The Europe Direct Information Center of Bucharest, hosted by the European Institute in Romania, offers undergraduates and graduate students in Bucharest universities the possibility of specializing in European affairs. Recently, Bucharest hosted the second edition of the Internship and Scholarship Gala. 20 young students or graduates were awarded social media scholarships. The scholarship is a month, with the possibility of extending it to 3 months, by mutual agreement of the parts, depending on the activities of the center, the scholarship holder’s availability and willingness to get involved. We found out more about this project from Diana Filip, coordinator of the Europe Direct Center of Bucharest:
“This is a program we began in early 2014. The first scholarships were granted in 2014, and we thought that the interns who work at the European Institute and the Europe Direct Center should be rewarded for their work, considering that they work alongside us 3 to 6 hours a day. We make a selection, once or twice a year, depending on the number of people we need and the number of applications we receive. The number of places available is two per month, we had 20 places this year and in 2015, while in 2014 we had fewer places because the program started later. The call for applications is posted on our website. This is a European opportunity that we also disseminate on social media too, on Facebook and Twitter. The applications get sent by e-mail and have to contain a CV, a form we supply which has to be filled in with details of interest to us. Also, they should submit a creative paper on a European topic, focusing on the European priorities of that particular year. Recently, we have just finished the call for applications under the 2016 scholarship program.”

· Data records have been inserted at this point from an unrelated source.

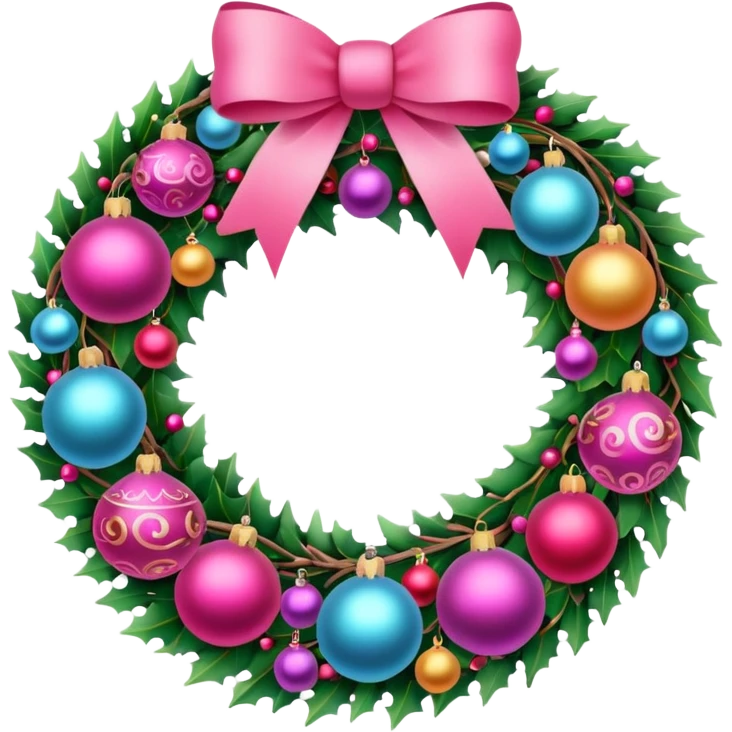 pink christmas wreath emoji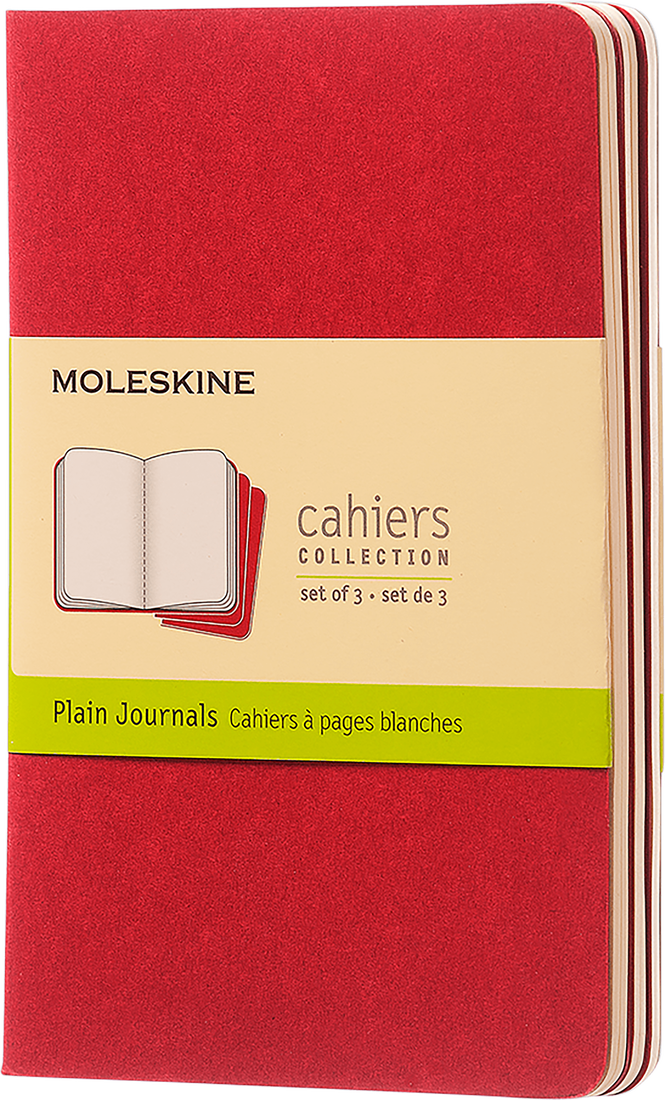 MSK Set 3 Cahier Souple-Carnet-Moleskine-Cranberry Red-Pocket 9x14-Uni-Papeterie du Dôme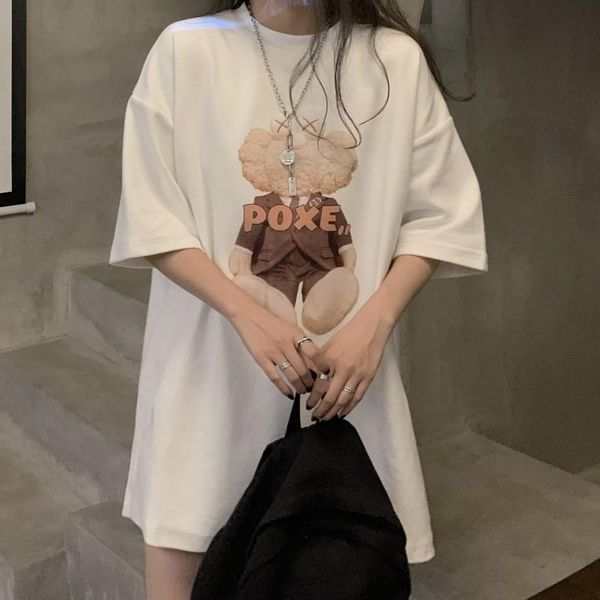 

women's t-shirt 2021 summer round neck cartoon print cute short-sleeved loose and thin college style, White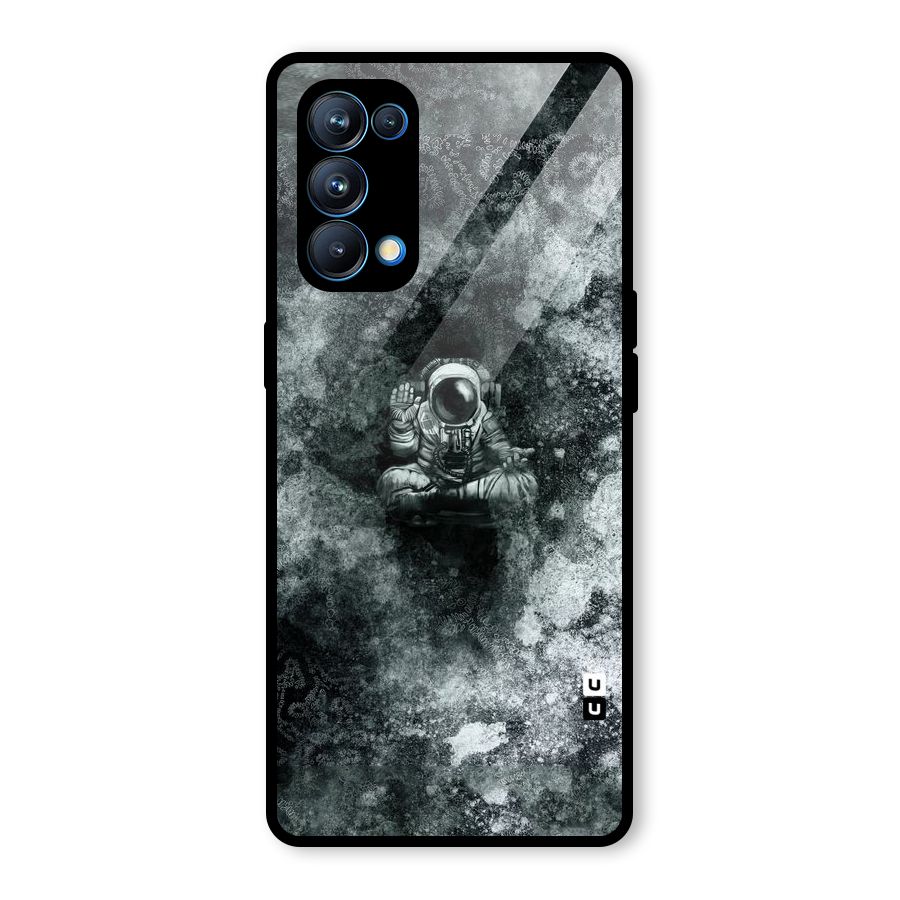 Meditating Spaceman Glass Back Case for Oppo Reno5 Pro 5G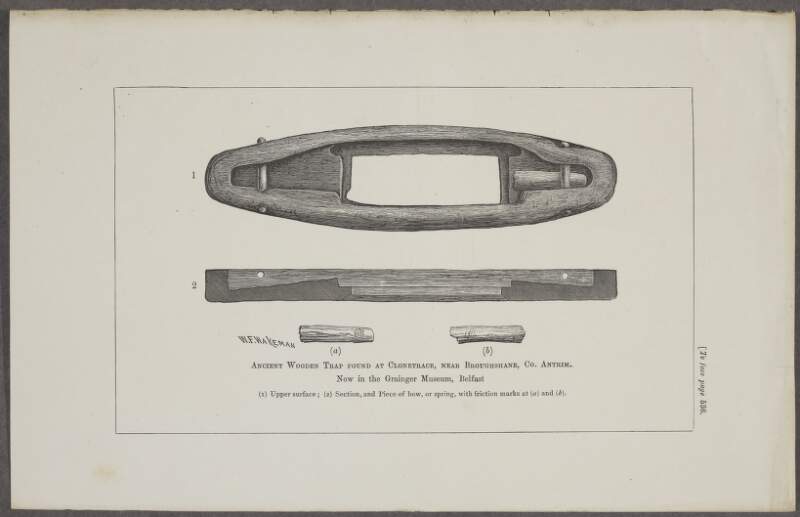 Ancient wooden trap found at Clonetrace, near Broughshane, County Antrim, now in the Grainger Museum, Belfast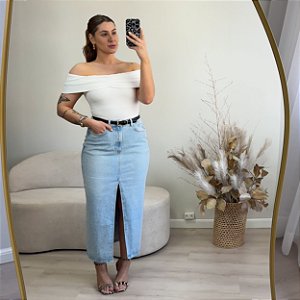 Saia jeans alongada Denim Zero DZ7301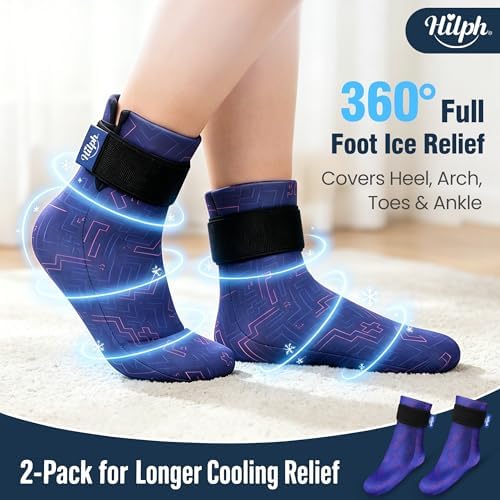 Hilph Full Foot Ice Pack Gel Sock for Hot & Cold Therapy - Reusable Cooling Sock for Toe Pain, Plantar Fasciitis & Hot Feet - Easy Slip On Design for Chemotherapy, Postpartum Recovery, 1 Pair, Blue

Madalin Blidaru studies political science and had a scholarship at the Europe Direct Center in June last year.
“I had the opportunity to get up to speed on everything about Europe, to see what goes on in the European Parliament and how this is received in Romania, to see what activities the European Commission has, including opportunities for financing, which are promoted among citizens, opportunities for young people, scholarships, study programs, and other EU news. This internship was on communication. It was an interesting one, because we know how useful it is for information to reach citizens, younger and older alike. When I was there I interacted with people who were there to get information on various topics on the European agenda. At school I specialized mostly in European studies, therefore this internship helped me organize my knowledge, and it also helped me with my exams.”
Ioana Vorochevici is also a political science student, and is working on her PhD right now:
“I was on a one-month internship at the Europe Direct Information Center last year. It was an extremely useful internship, both in terms of technical elements learned there related to social media, but also in terms of the new perspectives I encountered due to taking part in events. I am very grateful for the opportunity I have, and I hope to continue my collaboration with the Center”.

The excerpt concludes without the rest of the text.